The U.S. has been largely hamstrung in its offers to help. Indian authorities have rejected six requests by the U.S. Navy to dock ships at the Andamans in recent years, an official said, linking those rejections to China’s expressions of growing displeasure about the role of the U.S. in the Indian Ocean.
In the place of U.S. support, Japan has offered to step in.
“Japan is the only state willing to help India in its Indian Ocean project to develop islands there,” said Abhijit Singh, head of the Maritime Policy Initiative at the Observer Research Foundation, a New Delhi think tank. The reason, he added, is that other nations—notably the U.S.—consider offering such help too provocative to China.
India’s Ministry of Home Affairs denied a request by the Journal to visit the Andamans to speak with officials, citing security concerns.

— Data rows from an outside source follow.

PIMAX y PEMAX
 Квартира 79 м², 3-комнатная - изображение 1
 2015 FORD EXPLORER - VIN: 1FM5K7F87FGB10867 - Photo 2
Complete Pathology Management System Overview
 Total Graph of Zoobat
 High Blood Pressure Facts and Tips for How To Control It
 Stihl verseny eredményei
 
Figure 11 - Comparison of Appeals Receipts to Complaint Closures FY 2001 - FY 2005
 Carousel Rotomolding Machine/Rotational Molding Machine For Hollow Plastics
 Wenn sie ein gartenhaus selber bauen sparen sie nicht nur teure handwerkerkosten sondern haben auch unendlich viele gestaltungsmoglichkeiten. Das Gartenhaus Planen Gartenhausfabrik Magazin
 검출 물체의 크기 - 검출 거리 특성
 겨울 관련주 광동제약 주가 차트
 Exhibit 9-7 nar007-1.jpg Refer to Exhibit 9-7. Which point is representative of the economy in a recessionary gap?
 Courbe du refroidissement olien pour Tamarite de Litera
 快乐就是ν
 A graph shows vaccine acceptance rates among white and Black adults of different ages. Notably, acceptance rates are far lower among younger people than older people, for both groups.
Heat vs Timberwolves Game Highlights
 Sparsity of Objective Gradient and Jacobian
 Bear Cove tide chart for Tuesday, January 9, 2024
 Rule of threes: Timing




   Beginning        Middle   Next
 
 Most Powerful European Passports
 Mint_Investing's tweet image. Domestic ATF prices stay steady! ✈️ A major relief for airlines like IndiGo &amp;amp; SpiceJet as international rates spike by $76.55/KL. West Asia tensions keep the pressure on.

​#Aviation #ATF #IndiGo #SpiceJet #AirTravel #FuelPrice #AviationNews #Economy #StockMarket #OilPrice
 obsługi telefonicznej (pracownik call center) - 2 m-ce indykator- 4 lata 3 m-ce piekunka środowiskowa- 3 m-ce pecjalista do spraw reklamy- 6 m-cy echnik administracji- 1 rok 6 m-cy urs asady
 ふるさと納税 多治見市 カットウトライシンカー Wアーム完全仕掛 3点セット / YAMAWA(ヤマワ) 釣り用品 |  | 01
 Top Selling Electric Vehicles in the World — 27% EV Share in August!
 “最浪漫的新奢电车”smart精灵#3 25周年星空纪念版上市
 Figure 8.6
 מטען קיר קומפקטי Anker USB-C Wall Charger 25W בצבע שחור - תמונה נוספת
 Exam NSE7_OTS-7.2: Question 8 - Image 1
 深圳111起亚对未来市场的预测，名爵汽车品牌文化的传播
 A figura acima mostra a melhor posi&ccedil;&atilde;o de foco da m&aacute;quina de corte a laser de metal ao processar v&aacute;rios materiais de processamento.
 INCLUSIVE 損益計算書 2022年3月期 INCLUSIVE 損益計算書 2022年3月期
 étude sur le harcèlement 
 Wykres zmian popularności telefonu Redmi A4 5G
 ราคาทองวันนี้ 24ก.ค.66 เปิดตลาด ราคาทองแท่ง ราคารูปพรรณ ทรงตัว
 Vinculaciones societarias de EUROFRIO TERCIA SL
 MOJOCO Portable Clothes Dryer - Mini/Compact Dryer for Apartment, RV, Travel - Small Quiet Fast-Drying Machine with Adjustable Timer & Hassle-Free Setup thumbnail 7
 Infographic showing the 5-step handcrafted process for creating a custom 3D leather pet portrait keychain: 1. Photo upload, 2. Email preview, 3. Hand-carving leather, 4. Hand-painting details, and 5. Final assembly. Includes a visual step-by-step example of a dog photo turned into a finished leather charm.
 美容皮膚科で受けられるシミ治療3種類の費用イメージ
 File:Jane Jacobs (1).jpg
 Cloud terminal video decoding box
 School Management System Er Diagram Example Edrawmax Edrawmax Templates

Last year Japanese Prime Minister Shinzo Abe announced a new “Free and Open Indo-Pacific Strategy,” in a response to China’s increasingly assertive role in the seas from the east coast of Africa to the Pacific. That followed a bilateral India-Japan agreement, signed in late 2015, on the transfer of defense technology.
So far, however, Japanese offers to help India develop the Andamans have stalled. A power plant Japan’s development body agreed to build there has been bogged down in paperwork, and there has been no progress on its proposals to help build ports and airstrips on the islands, said Kenko Sone, the economics attaché at the Japanese Embassy in New Delhi.
“At the actual project level, we’re having difficulty figuring out the decision-making process” in India’s government, he said.
Japan has shifted some of its attentions to Sri Lanka, strategically located in the Indian Ocean midway between East Asia and Africa. Following a meeting with his Sri Lankan counterpart in April, Mr. Abe announced 1 billion yen ($9 million) in grant aid to develop the port of Trincomalee in Sri Lanka’s northeast.
Euan Graham, director of the International Security Program at the Lowy Institute, an Australian think tank, says Trincomalee port has “great potential” as a naval base, including for Japanese submarines, countering Chinese port access elsewhere in the island country. As part of the April agreement, Japan also pledged to supply Sri Lanka with two naval patrol vessels. Last year it also lent $400 million to help expand Sri Lanka’s main airport.
Meanwhile, a number of India’s critical homegrown weapons programs have stalled or been scrapped, while China has ramped up its navy.
More Chinese submarines have been spotted passing through the Malacca Straits and past the Andamans into the Indian Ocean, troubling India’s navy, which has relatively meager tools to track submarines.
India’s planned fleet of aircraft carriers is years behind schedule and facing criticism for design shortcomings. A homegrown naval jet program was scrapped last year, and naval jets India bought from Russia have experienced engine and maintenance problems
A string of border disputes with China has also forced India to invest heavily in roads and military facilities in remote regions such as Arunachal Pradesh, drawing attention and resources away from the Indian Ocean.
This month’s Malabar naval exercises, an annual tradition between the U.S. and India that expanded two years ago to formally include Japan, attempted to move the needle the other way. It marked the first overseas mission of Japan’s newly built Izumo-class helicopter destroyer, as large as many conventional aircraft carriers.
Indian and U.S. submarines carried out exercises under the waves, while their jet fighters tangled in the skies.
Speaking in the aircraft hangar of the USS Nimitz, Adm. Dasgupta said the three navies had become comfortable enough operating alongside each other to respond adequately “should there be a requirement to meet up at sea some day and make a response to any challenge.”
“But there’s no master plan as such to say ‘in this area this guy will do this and that guy will do that,’” he said. “Not yet.”